Silves fair shame

By NATASHA DONN news@algarveresident.com

A shameful display of political posturing has rocked a 100-year- old fair in the Algarve.

The bustling three-day fair that would normally start on All Saints Day and carries on through the weekend, will now be a shadow of its former self, and it’s all down to sour grapes among politicians at the Town Hall. Five days into their new mandate, the incoming CDU administration had tried to save the day by giving the fair ‘tax exemption’ status. But PS and PSD politicians banded together in a veto that has left everyone the losers.

“It’s all political,” a visibly upset Mayoress Rosa Palma admitted. “To be honest, I have hardly slept since Friday” when her party’s proposal to create a ‘tax-free fair’ (Feira Franca) was vetoed by the opposition.

Palma was talking at a last-minute meeting with fairground personnel on Tuesday this week, trying to reach some sort of consensus.

But the bottom line is that fairground charges in Silves have become exorbitant.

“Não há feira! (there won’t be a fair)” Joaquim Garcia, president of the fairground workers’ association pronounced after the meeting. He then strode outside to break the news to waiting throngs.

Joaquim Garcia, president of the fairground workers’ association, speaking to upset vendors outside the town hall building.
Joaquim Garcia, president of the fairground workers’ association, speaking to upset vendors outside the town hall building.

The issue centres on changes to fairground charges made by the last PSD administration, under Rogério Pinto.

“To give an example, a little patch of ground that used to cost €81 for someone selling ‘farturas’ (a form of fried doughnut) now costs €325,” Palma told the Algarve Resident. “And that’s without the Town Hall offering any kind of services. It is just too much.”

Rosa Palma was the only CDU member on the council when the new charges were introduced, and she voted against them. PS councillors, however, all abstained.
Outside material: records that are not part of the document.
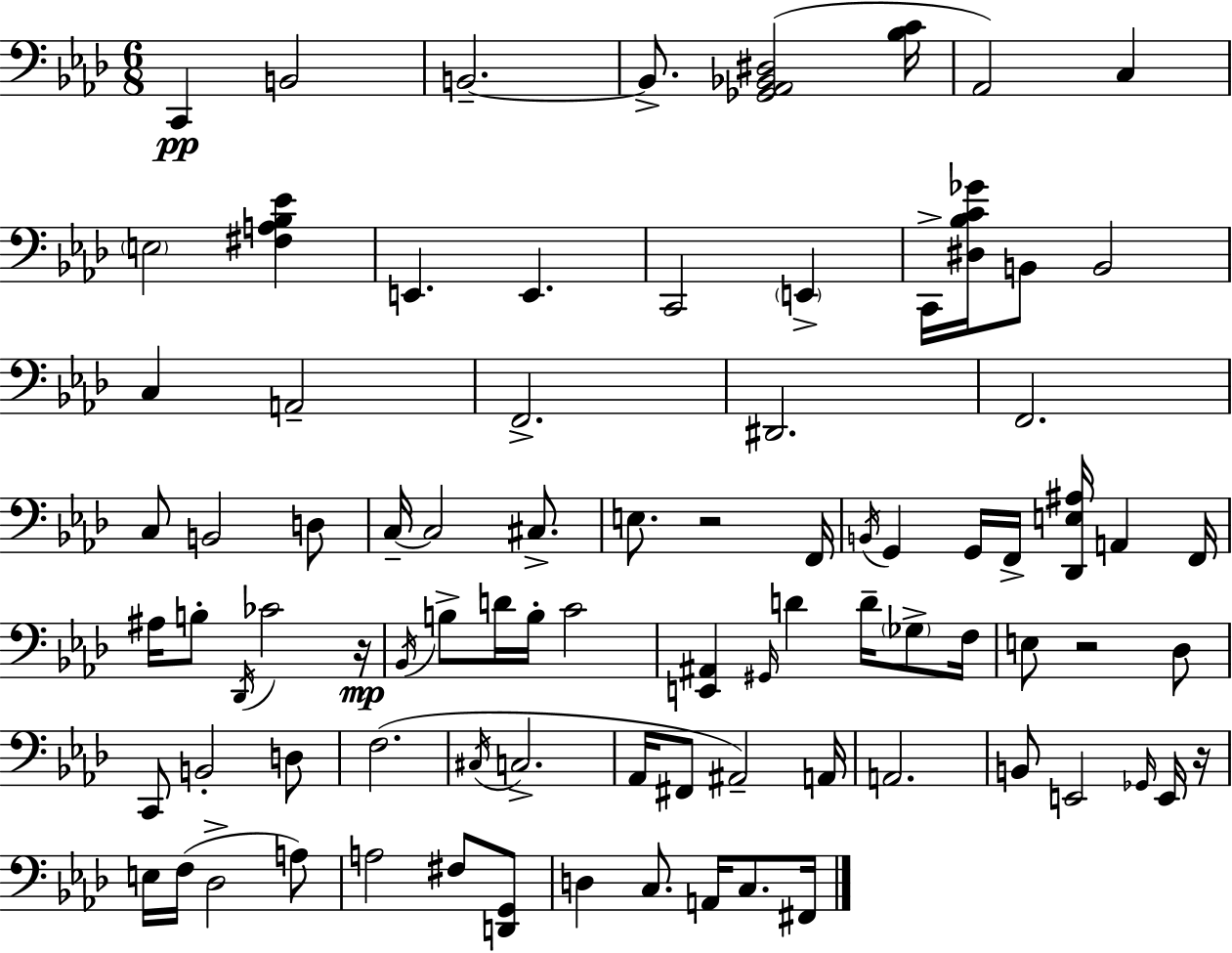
{
  \clef bass
  \numericTimeSignature
  \time 6/8
  \key f \minor
  c,4\pp b,2 | b,2.--~~ | b,8.-> <ges, aes, bes, dis>2( <bes c'>16 | aes,2) c4 | \break \parenthesize e2 <fis a bes ees'>4 | e,4. e,4. | c,2 \parenthesize e,4-> | c,16-> <dis bes c' ges'>16 b,8 b,2 | \break c4 a,2-- | f,2.-> | dis,2. | f,2. | \break c8 b,2 d8 | c16--~~ c2 cis8.-> | e8. r2 f,16 | \acciaccatura { b,16 } g,4 g,16 f,16-> <des, e ais>16 a,4 | \break f,16 ais16 b8-. \acciaccatura { des,16 } ces'2 | r16\mp \acciaccatura { bes,16 } b8-> d'16 b16-. c'2 | <e, ais,>4 \grace { gis,16 } d'4 | d'16-- \parenthesize ges8-> f16 e8 r2 | \break des8 c,8 b,2-. | d8 f2.( | \acciaccatura { cis16 } c2.-> | aes,16 fis,8 ais,2--) | \break a,16 a,2. | b,8 e,2 | \grace { ges,16 } e,16 r16 e16 f16( des2-> | a8) a2 | \break fis8 <d, g,>8 d4 c8. | a,16 c8. fis,16 \bar "|."
}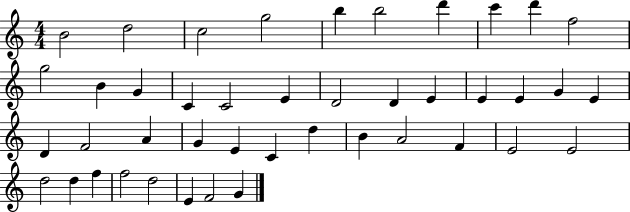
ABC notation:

X:1
T:Untitled
M:4/4
L:1/4
K:C
B2 d2 c2 g2 b b2 d' c' d' f2 g2 B G C C2 E D2 D E E E G E D F2 A G E C d B A2 F E2 E2 d2 d f f2 d2 E F2 G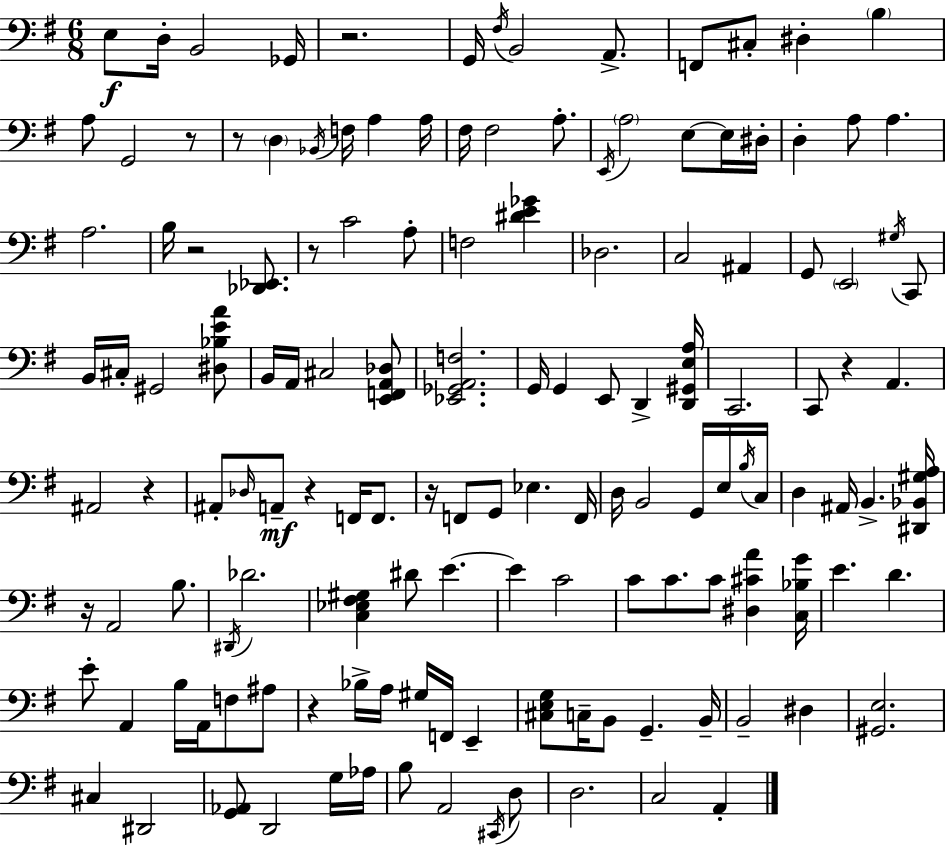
E3/e D3/s B2/h Gb2/s R/h. G2/s F#3/s B2/h A2/e. F2/e C#3/e D#3/q B3/q A3/e G2/h R/e R/e D3/q Bb2/s F3/s A3/q A3/s F#3/s F#3/h A3/e. E2/s A3/h E3/e E3/s D#3/s D3/q A3/e A3/q. A3/h. B3/s R/h [Db2,Eb2]/e. R/e C4/h A3/e F3/h [D#4,E4,Gb4]/q Db3/h. C3/h A#2/q G2/e E2/h G#3/s C2/e B2/s C#3/s G#2/h [D#3,Bb3,E4,A4]/e B2/s A2/s C#3/h [E2,F2,A2,Db3]/e [Eb2,Gb2,A2,F3]/h. G2/s G2/q E2/e D2/q [D2,G#2,E3,A3]/s C2/h. C2/e R/q A2/q. A#2/h R/q A#2/e Db3/s A2/e R/q F2/s F2/e. R/s F2/e G2/e Eb3/q. F2/s D3/s B2/h G2/s E3/s B3/s C3/s D3/q A#2/s B2/q. [D#2,Bb2,G#3,A3]/s R/s A2/h B3/e. D#2/s Db4/h. [C3,Eb3,F#3,G#3]/q D#4/e E4/q. E4/q C4/h C4/e C4/e. C4/e [D#3,C#4,A4]/q [C3,Bb3,G4]/s E4/q. D4/q. E4/e A2/q B3/s A2/s F3/e A#3/e R/q Bb3/s A3/s G#3/s F2/s E2/q [C#3,E3,G3]/e C3/s B2/e G2/q. B2/s B2/h D#3/q [G#2,E3]/h. C#3/q D#2/h [G2,Ab2]/e D2/h G3/s Ab3/s B3/e A2/h C#2/s D3/e D3/h. C3/h A2/q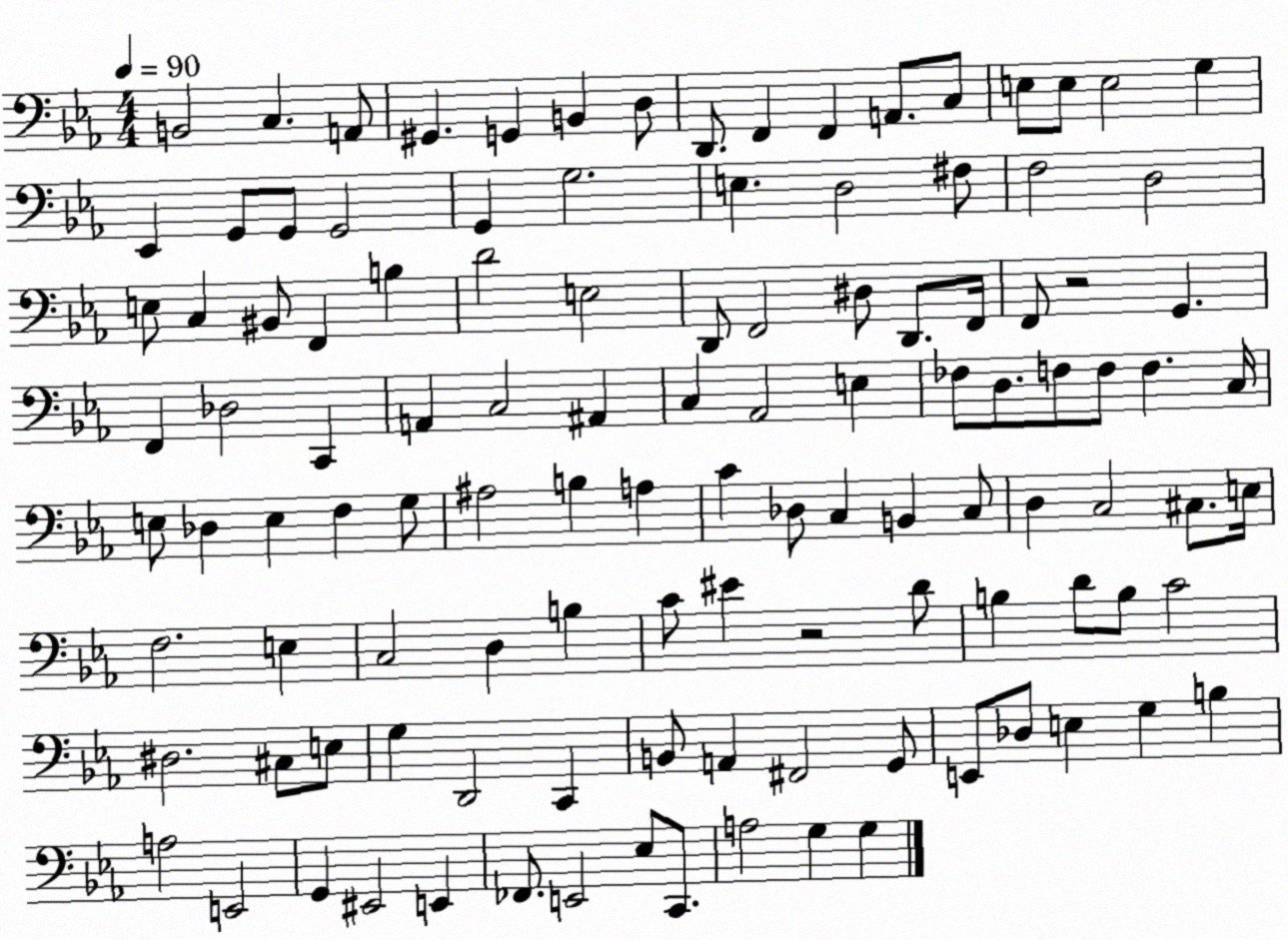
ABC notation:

X:1
T:Untitled
M:4/4
L:1/4
K:Eb
B,,2 C, A,,/2 ^G,, G,, B,, D,/2 D,,/2 F,, F,, A,,/2 C,/2 E,/2 E,/2 E,2 G, _E,, G,,/2 G,,/2 G,,2 G,, G,2 E, D,2 ^F,/2 F,2 D,2 E,/2 C, ^B,,/2 F,, B, D2 E,2 D,,/2 F,,2 ^D,/2 D,,/2 F,,/4 F,,/2 z2 G,, F,, _D,2 C,, A,, C,2 ^A,, C, _A,,2 E, _F,/2 D,/2 F,/2 F,/2 F, C,/4 E,/2 _D, E, F, G,/2 ^A,2 B, A, C _D,/2 C, B,, C,/2 D, C,2 ^C,/2 E,/4 F,2 E, C,2 D, B, C/2 ^E z2 D/2 B, D/2 B,/2 C2 ^D,2 ^C,/2 E,/2 G, D,,2 C,, B,,/2 A,, ^F,,2 G,,/2 E,,/2 _D,/2 E, G, B, A,2 E,,2 G,, ^E,,2 E,, _F,,/2 E,,2 _E,/2 C,,/2 A,2 G, G,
“If they had voted against, we wouldn’t be in the situation we are today,” Palma explained.

PS councillors had a second chance to act last Friday – by supporting Palma’s suggestion for a Feira Franca – but this time they chose to support the PSD, almost certainly because both major parties are peeved that the CDU (communist/ green party alliance) pipped them to the post of power.

“It is precisely because of situations like these that I stood in the last elections,” Palma, 41, told the Algarve Resident. “It is time Silves was led by politicians who actually put people first and have no time for political posturing.”

Now Palma’s administration hopes to work with fairground personnel and come up with a new set of rules for fairgrounds which can be passed in good time to allow the traditional fair to go ahead in all its glory once again next year.

“I can’t believe this has happened,” said Palma. “If I could do anything to change the situation, believe me, I would.

“This fair is a special tradition in Silves and it is a huge shame that politics has got in the way and ruined it for everyone.”